"The Fire gives them Movement; the Air, Sensation; the Water, Nutriment; and the Earth, Subsistence.

"The four duplicated Elements engender THE STONE, if one is careful enough to supply them with the proper quantity of fire, and to combine them according to their natural weight. Ten parts of Air make one of Water; ten of Water, one of Earth; and ten of Earth, one of Fire; the whole by the Active Symbol of the one, and the Passive Symbol of the other, whereby the conversion of the Elements is effected."

The Allusion of the Ritual, here, is obviously to the four Worlds of the Kabalah. The ten Sephiroth of the world Briah proceed from Malakoth, the last of the ten Emanations of the world Aziluth; the ten Sephiroth of the world Yezirah, from Malakoth of Briah; and the ten of the world Asian, from Malakoth of Yezirah. The Pass-word of the Degree is given as Metralon, which is a corruption of METATRON, the Cherub, who and Sandalphon are in the Kabalah the Chief of the Angels. The Active and Passive Symbols are the Male and Female.

The Ritual continues:

"It is thereby evident that, in the Great Work, we must employ ten parts of philosophical Mercury to one of Sun or Moon.

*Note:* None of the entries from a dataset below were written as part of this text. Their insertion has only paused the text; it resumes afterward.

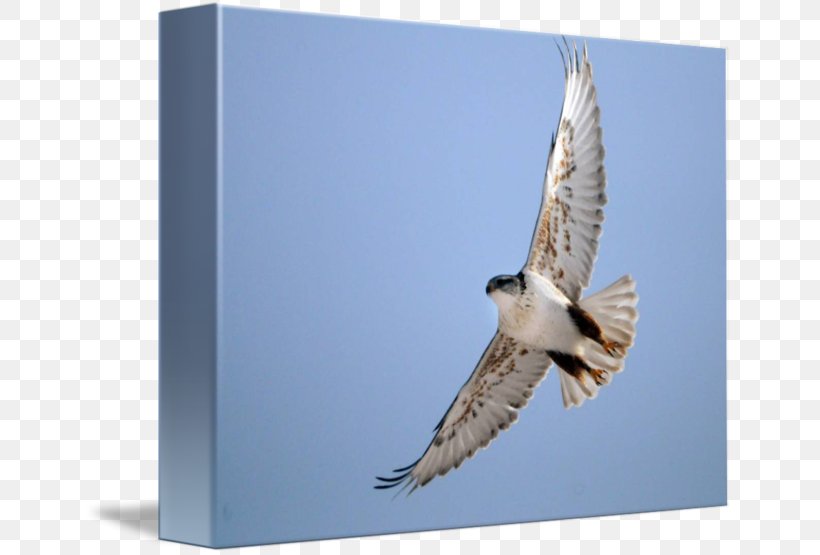Hawk Fauna Eagle Beak Falcon, PNG, 650x555px, Hawk, Accipitriformes, Beak, Bird, Bird Of Prey Download Free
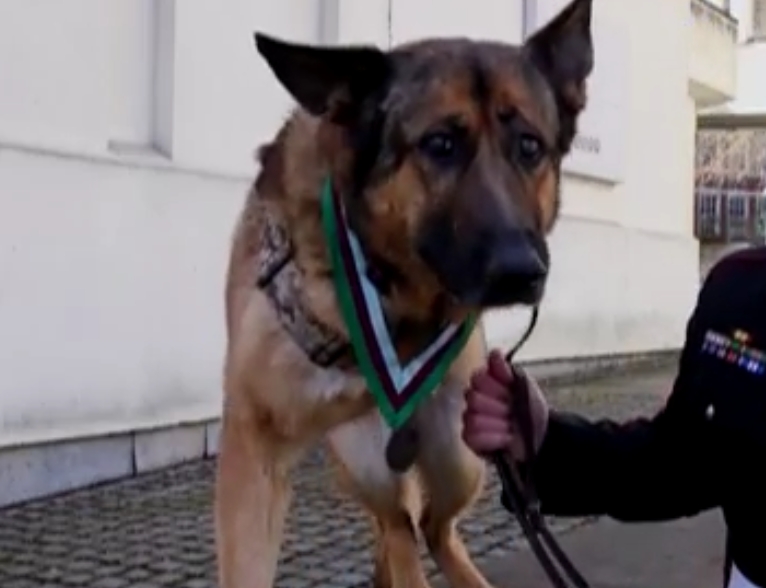 US Military Dog Injured in Combat Receives Top Honor for Bravery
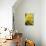 Yellow Moon Orchid-Jim Engelbrecht-Premier Image Canvas displayed on a wall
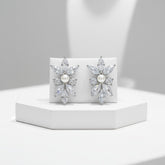 CUBIC ZIRCONIA COLLECTION - DAINTY SPARKLE EARRINGS - CZER861 SILVER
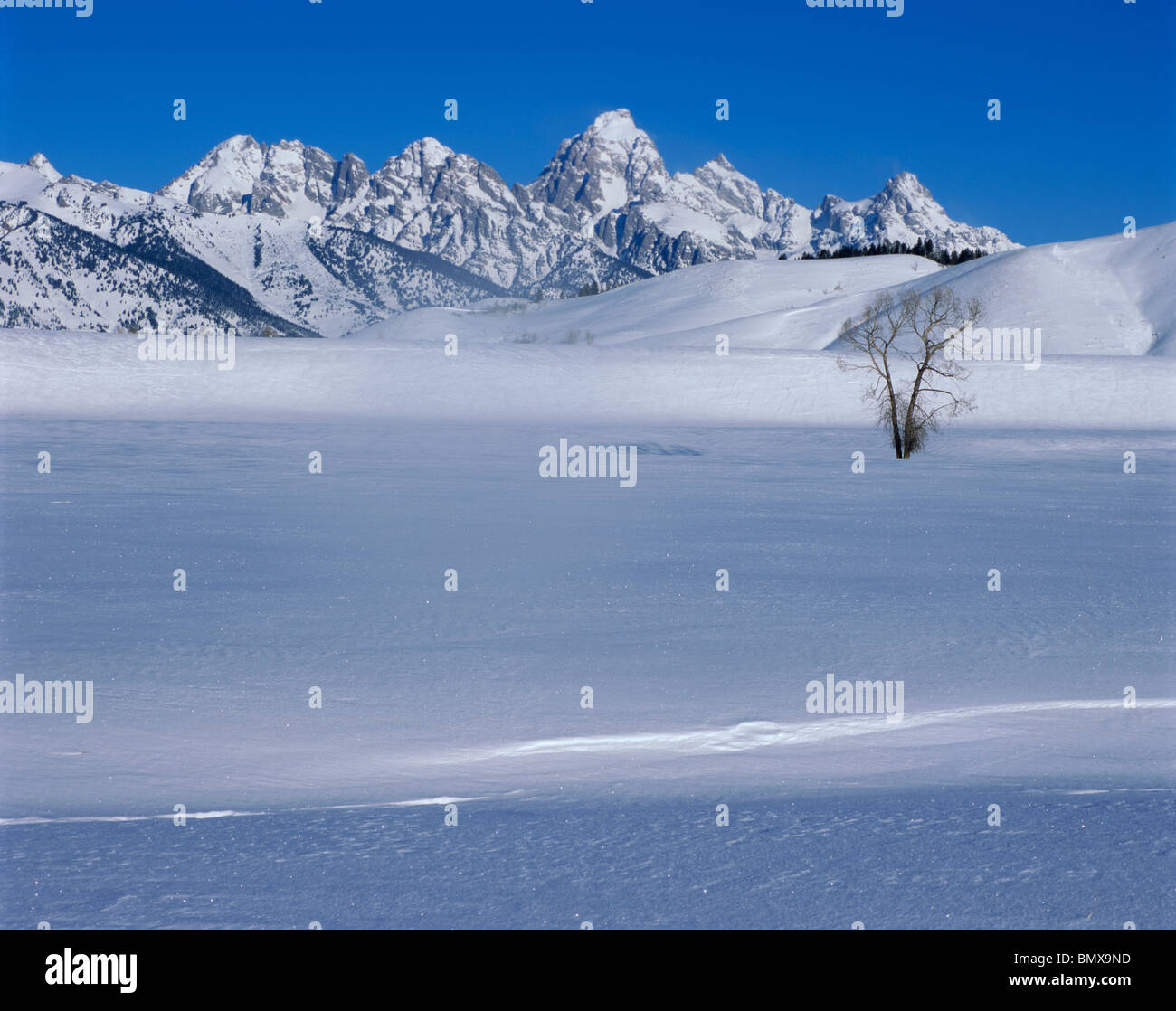 Parc National de Grand Teton, Wyoming : Un seul arbre cottonwood sur la plaine de la rivière Gros Ventre avec les Tetons Banque D'Images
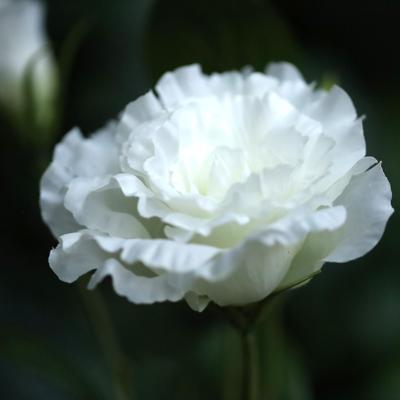 Lisianthus Kunsttak 61cm Wit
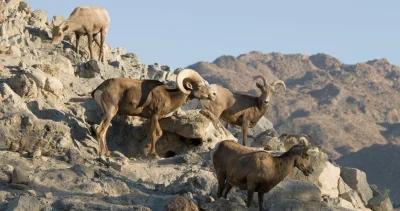 2023 nevada sheep and mountain goat application strategy 1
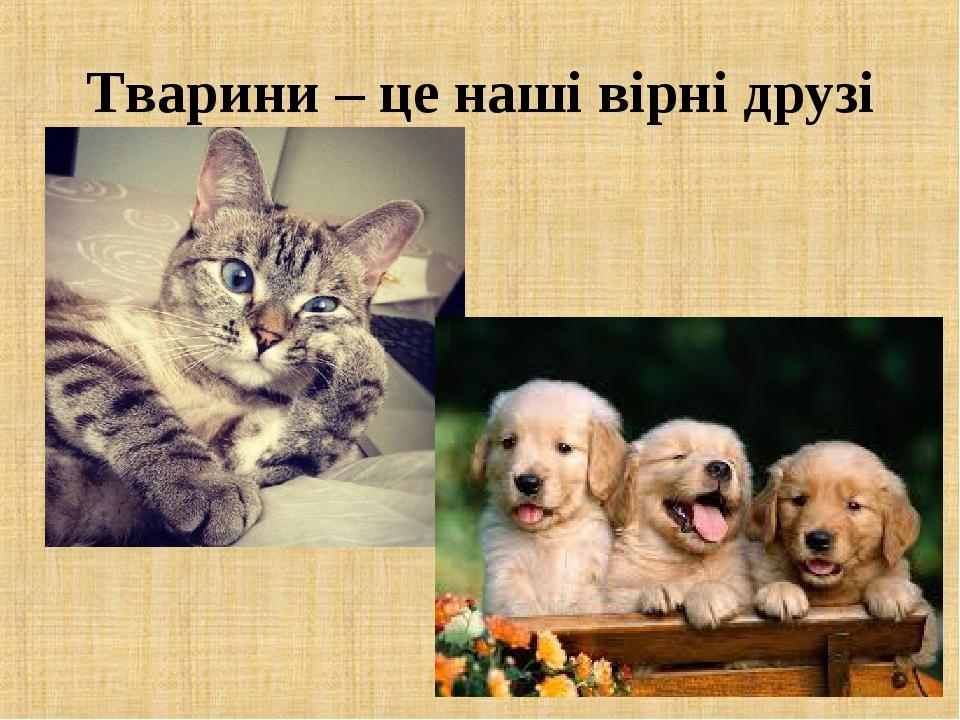 Тварини – це наші вірні друзі
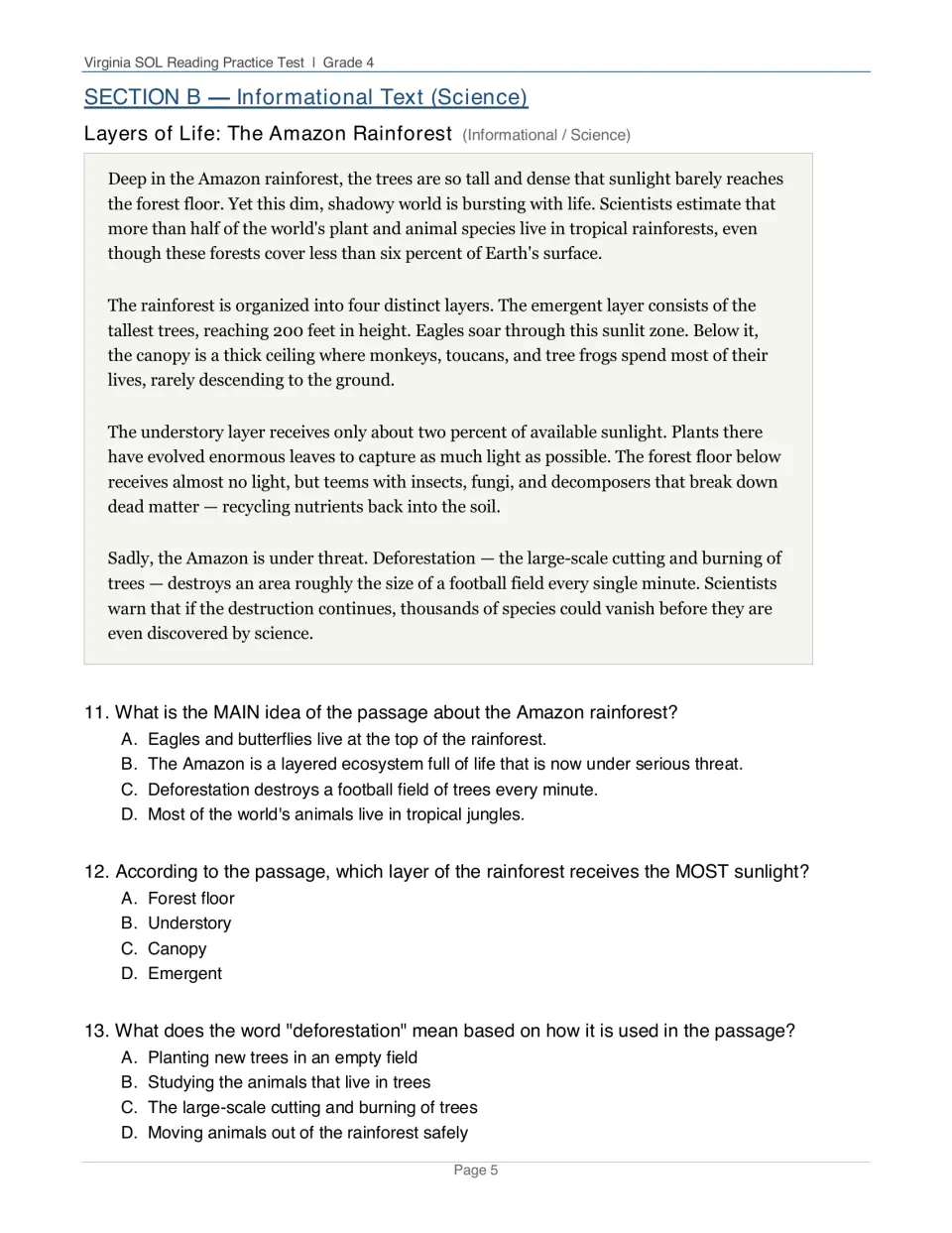 Amazon rainforest layers passage: students read about the four layers and deforestation, then answer main idea questions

"This is attained by Solution and Coagulation. These words mean that we must dissolve the body and coagulate the spirit; which operations are effected by the moist and dry bath.

"Of colors, black is the Earth; white, the Water; blue, the Air; and red, the Fire; wherein also are involved very great secrets and mysteries.

"The apparatus employed in 'The Great Work' consists of the Moist bath, the Dry bath, the Vases of Nature and Art, the bowl of oak, lutum sapientiœ, the Seal of Hermes, the tube, the physical lamp, and the iron rod.

"The work is perfected in seventeen philosophical months, according to the mixture of ingredients. The benefits reaped from it are of two kinds—one affecting the soul, and the other the body. The former consist in knowing God, Nature, and ourself; and those to the body are wealth and health.

"The Initiate traverses Heaven and Earth. Heaven is the World manifest to the Intelligence, subdivided into Paradise and Hell; Earth is the World manifest to the Senses, also subdivided into the Celestial and that of the Elements.